The Wahine disaster, a 1968 ferry sinking in which 53 people died, occurred near Breaker Bay. The ferry ended up on Barrett Reef, a feature in the water just off of the bay. Stuart Young, a Breaker Bay resident, was the first to raise the alarm. Some residents attempted to set out in small boats to assist but were forced back by the waves. The Wahine Memorial Park in the suburb commemorates the event; the park is near where survivors reached the shore and includes a bow thruster from the ship.

The Eastern Walkway runs along the top of the bay and has views of the area.

Dolphins and orca are regularly sighted from the suburb.

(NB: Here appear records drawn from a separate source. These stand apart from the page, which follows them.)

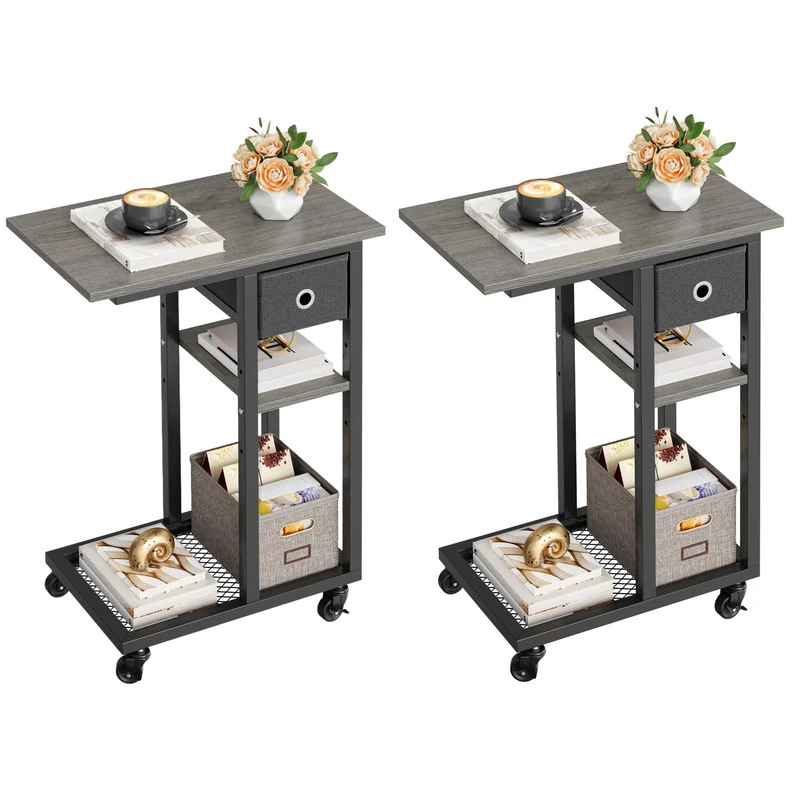 YITAHOME 2PCS C-Shaped End Table, Slim Sofa End Table with Fabric Drawer, Open Compartments and Lockable Wheels, Movable Side Table Workstation for Small Spaces, Living Room, Bedroom, Grey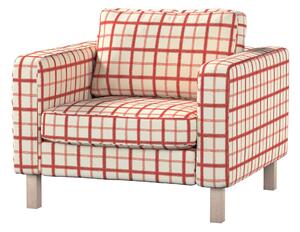 Potah na křeslo IKEA Karlstad, krátký barva červená látka vzorované
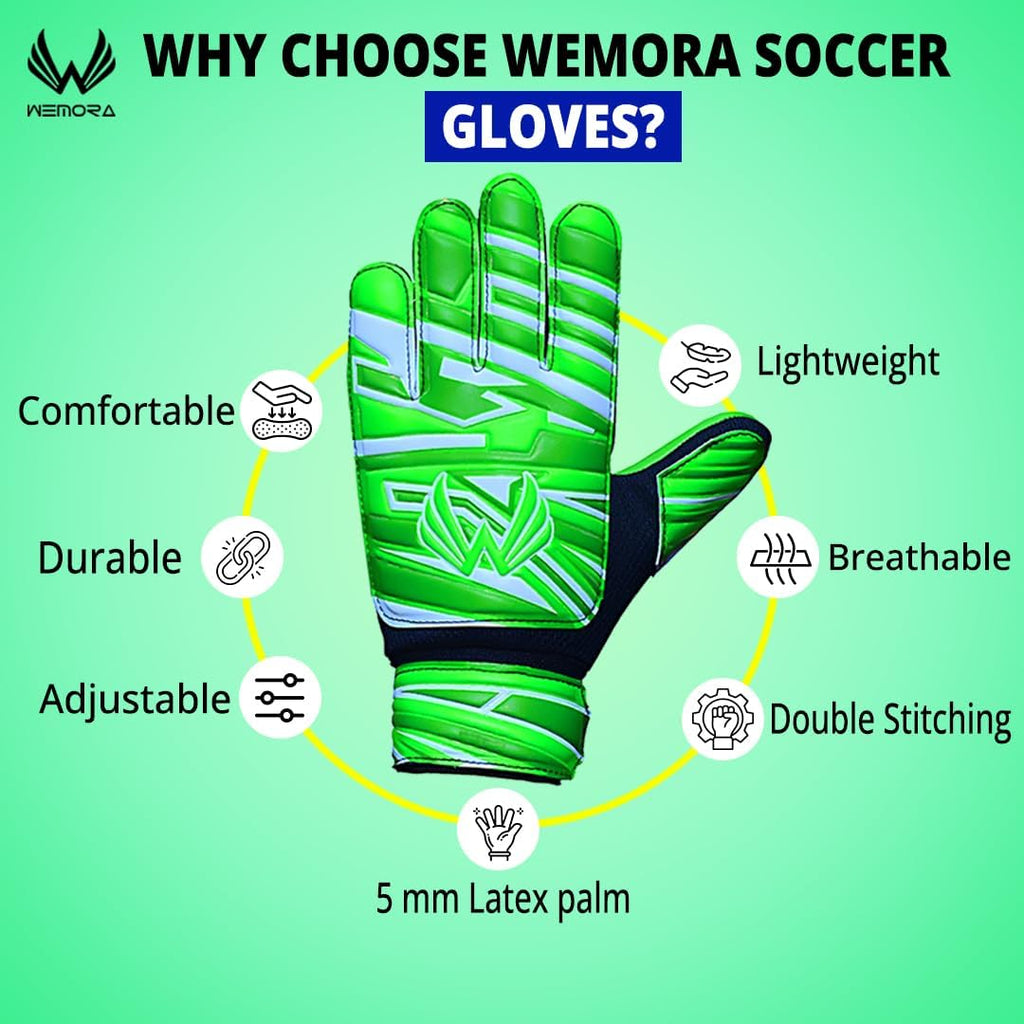 Soccer Goalie Gloves - 4mm Anti-Slip Grip for Kids & Youth | Strong Performance for Junior Players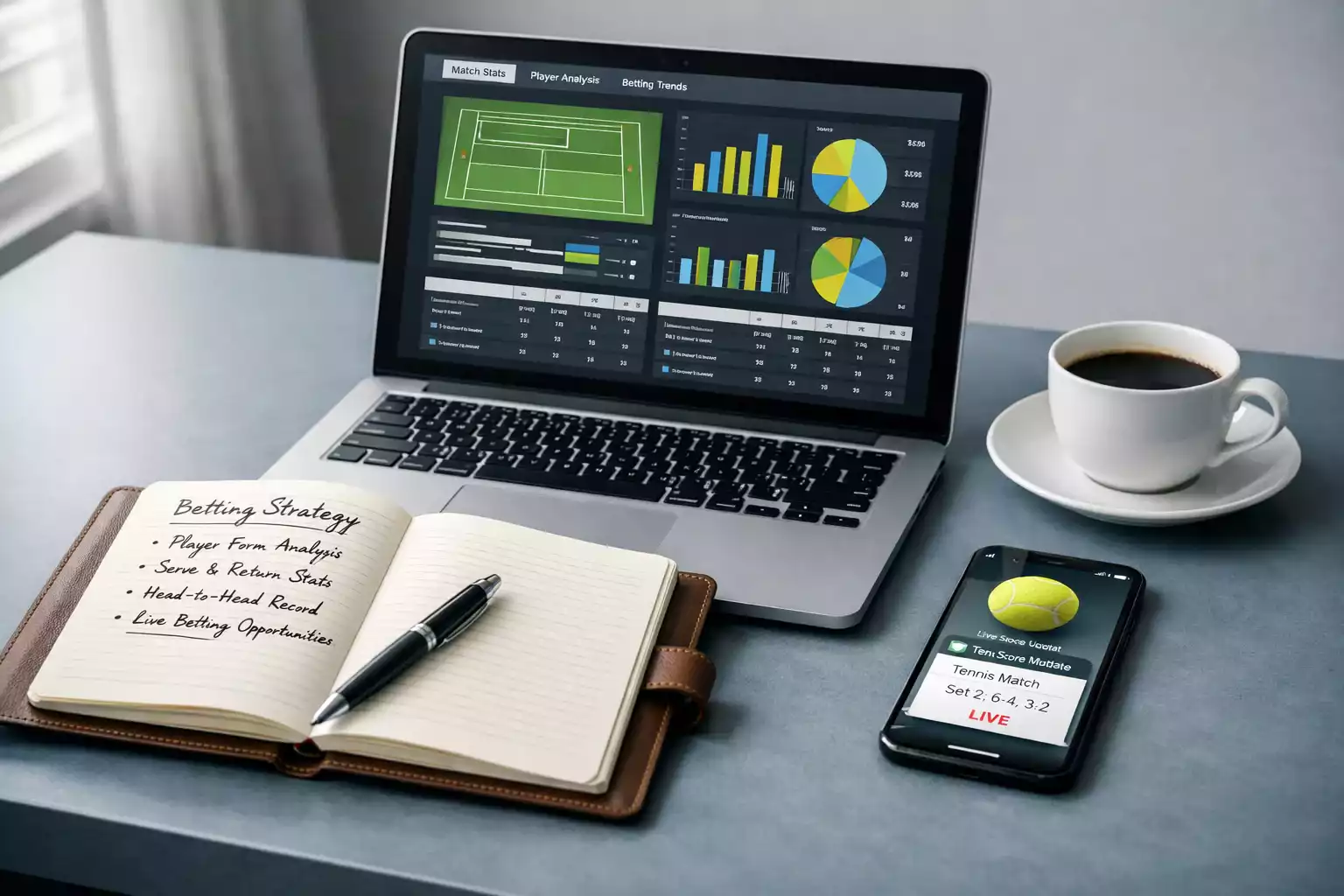 Strategie sázení WTA Strategický přístup k sázení na WTA s notebookem a poznámkami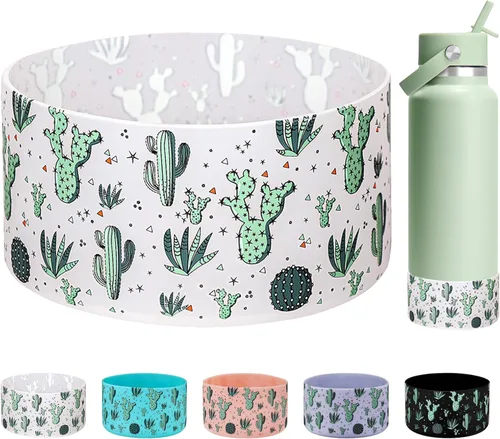 Vista 15 de WK IEASON Funda protectora de silicón base para botella de Hydro Flask de boca ancha/boca estándar, protector de fondo de silicón antideslizante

Penguins nest in the area and there are "penguin crossing" signs on the road.

Facilities and transport 
Breaker Bay is known for being a clothing optional beach, which is shared by naturists and clothed people alike. New Zealand has no official nude beaches, as public nudity is legal on any beach where it is "known to occur". Families tend to congregate at the end nearest to the road and pass the hole in the rock (to the middle of the beach).

Breaker Bay has only a single road, Breaker Bay Road, which runs close to the coast through the suburb. The suburb is served by a commuter bus (No 30x) running on weekdays to the city in the mornings and to the beach in the afternoons.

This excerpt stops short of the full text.